Disgusting Mutants: 2/10

Sequels!  Always with the sequels!  I was actually asked to watch The Hills Have Eyes 3, but after an extensive search(I just looked on IMDB), I have come to the conclusion that the movie in question does not exist(Lethal Weapon 5!).  This being the case, I can only assume that I am supposed to watch The Hills Have Eyes 2, a bad follow-up to a bad movie that was remade to be a worse follow-up to an even-worse-still movie.  If you thought that didn’t make sense, then we are on the same page.  Make no mistake, however: I’m dealing in original movies here.

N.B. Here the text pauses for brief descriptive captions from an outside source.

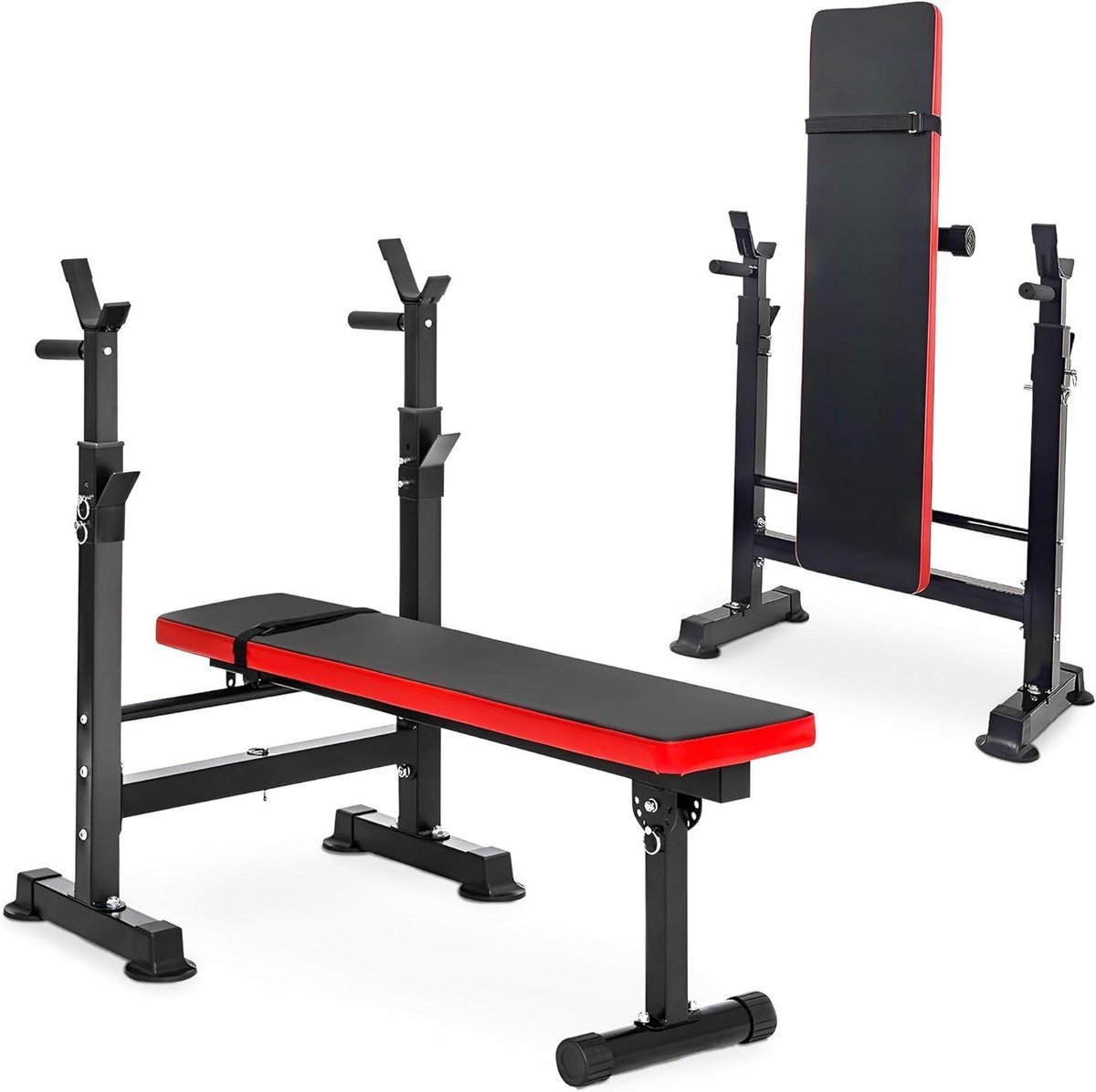 Provento - Multifunctioneel trainingsstation met verstelbare Olympische bank, squat rek, leg extension, preacher curl en gewichtsopslag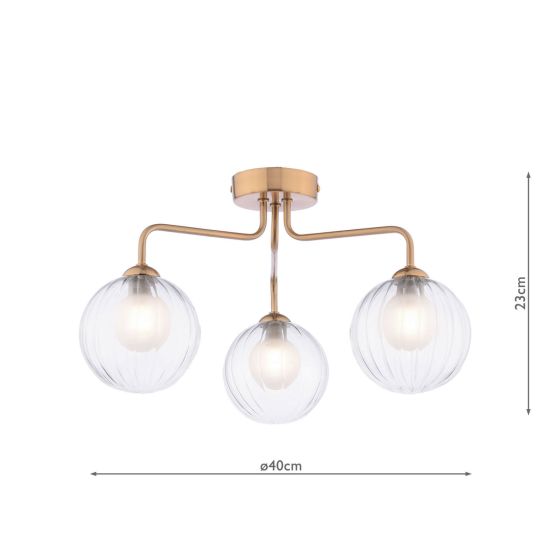 Där Lighting Feya 3 Light Semi-Flush Antique Bronze & Clear/Opal Glass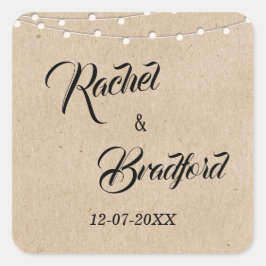 Pegatina Cuadrada Boda String ilumina a un Personalizado de celebrac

For those who didn’t see the first one, or missed the horrible remake, here’s the rundown: a family on vacation breaks down in the middle of the desert and is attacked by a tribe of cannibals that have been mutated by the nuclear tests that have gone on in the area.  One guy and a baby survive the ordeal, as well as one of the mutants who decides to become a good guy.  Lastly, the family dog(a German Shepherd named “Beast”) runs around kicking ass, and makes it out alive, too.

In this next chapter, it’s 8 years later, and the mutant(a girl named Ruby) has become a productive member of society.  When Billy, the survivor from the first movie, refuses to go into the desert with his BMX team, Ruby steps up and says that she can run the show with little problems.  Everybody gets on a bus(including 8-year-older and 8-year-wiser Beast!) and heads into the desert, where a random shortcut finds them(wait for it…………………………………………..) stranded in the desert.  Ruby thinks she sees her brother(thought to be dead), and suddenly people start disappearing one-by-one.

Scary-looking or Funny-looking?

There’s nothing really shocking from this point on.  All of the deaths are pretty straight-forward stabbin’s, smashin’s, or breakin’s for the most part, and there isn’t a whole heck of a lot of gore, either.  Ruby’s brother, Pluto, is working for Uncle Jupe’s(the bad guy from the first movie) older, more retarded brother, Reaper, and is apparently doing alright for himself.  When he tries to put Ruby in her place, she is saved by Pluto’s worst nightmare-Beast.  He nearly killed Pluto in the first movie, and after Beast has a little flashback, he’s ready to finish the job(like a good boy!).  He chases Pluto around for a bit, and then pushes him off a cliff!  How badass is that?  On a scale of “Good” to “Great”, that’s somewhere around “F*** Yeah!”  Meanwhile, a blind girl and the only surviving dude take on Reaper, who is apparently immune to explosions, but not to falling down mine shafts.  The hills can finally rest their eyes for a little while, I suppose.

I don’t think this movie was that bad, when you get down to it, but I by no means think it was that good, either.  It was just…there.  I couldn’t really be scared of Pluto running around and talking like a child(if anything, I was just happy for that guy finding an acting job with his…..condition), and I couldn’t be scared of Reaper because he reminded me of Harry from “Harry and the Hendersons”(awesome show reference, Bob).  I thought that Ruby switching sides for the sequel was a genius move; other than that and the return of Beast, everything else didn’t matter.  Only watch this if you are a die-hard horror fan and need to see everything ever made.  Otherwise, you will be disappointed.

Thanks again to Vince for the suggestion!  I don’t know if this was the right movie, and I don’t know if you wanted me to watch the original or the remake, but whatever.  It’s done, and I can always do a “Movie Remake Remix” later with the new ones.  Until next time, you all watch bad movies….and I’ll watch bad movies…..and we’ll see who goes crazy first.

If anyone was wondering who the weird-looking guy from The Hills Have Eyes is, his name is Michael Berryman-horror movie badass.